The Milwaukee Public School System will expand the services provided by its gay-friendly high school and apparently become the nation's first school system to create a gay-friendly middle school.
At a meeting two weeks ago, a subcommittee of Milwaukee's Board of Education unanimously approved the Alliance School's proposal to serve sixth, seventh, and eighth graders. The proposal gained unanimous approval from the full board by default when the item was not pulled for further discussion or a vote at last night's meeting. Alliance School lead teacher Tina Owen said the public charter school will begin accepting new applicants eligible for middle school in the 2009-2010 school year immediately.
Milwaukee's response to gay-friendly schools has been much different from other cities'. In Chicago, community leaders' concerns about creating a gay-friendly high school stalled plans to bring such a proposal before the city's school board. In New York City, protesters greeted students of the gay-friendly Harvey Milk High School in Manhattan's East Village on its first day of classes five years ago. But in Milwaukee, the Alliance School's birth as a high school and expansion to serve middle school students passed with no real opposition. Calls from social service organizations and parents urging Owen to create the middle school more quickly are the only responses she has received from the community, Owen said.

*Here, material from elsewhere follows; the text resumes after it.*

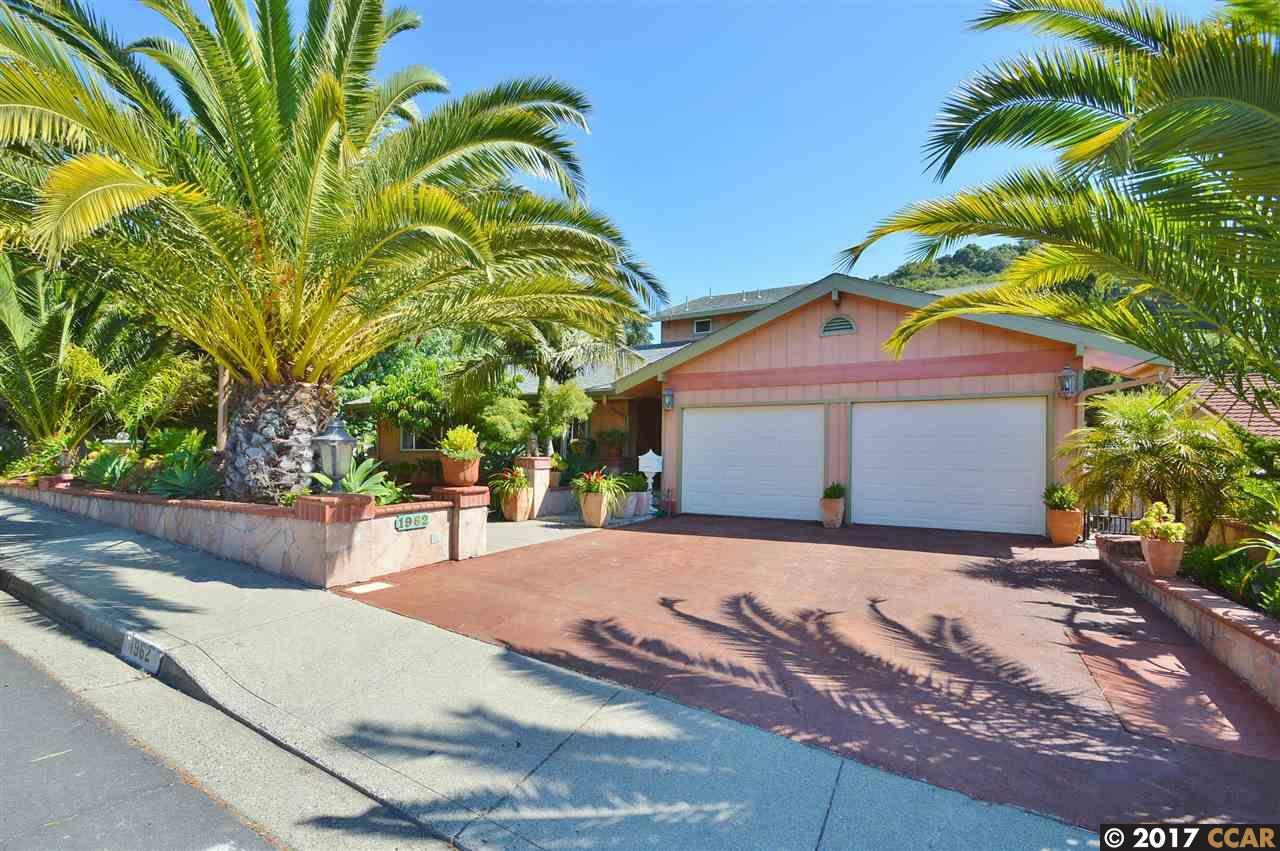 Property Photo:  1962 Heath Drive  CA 94803-1449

Before helping to create the Alliance School four years ago, Owen worked in another Milwaukee high school and advised its Gay Straight Alliance club. She heard horror stories from students who were being verbally and physically harassed on a daily basis because of their sexuality or gender identification. Research conducted by the Gay Lesbian Straight Education Network indicates that students across the country are experiencing the same trauma. A GLSEN study on school climate found that 86.2 percent of youth who identify themselves as other than heterosexual were verbally harassed in the past year and that 22.1 percent were also victims of physical assaults at school.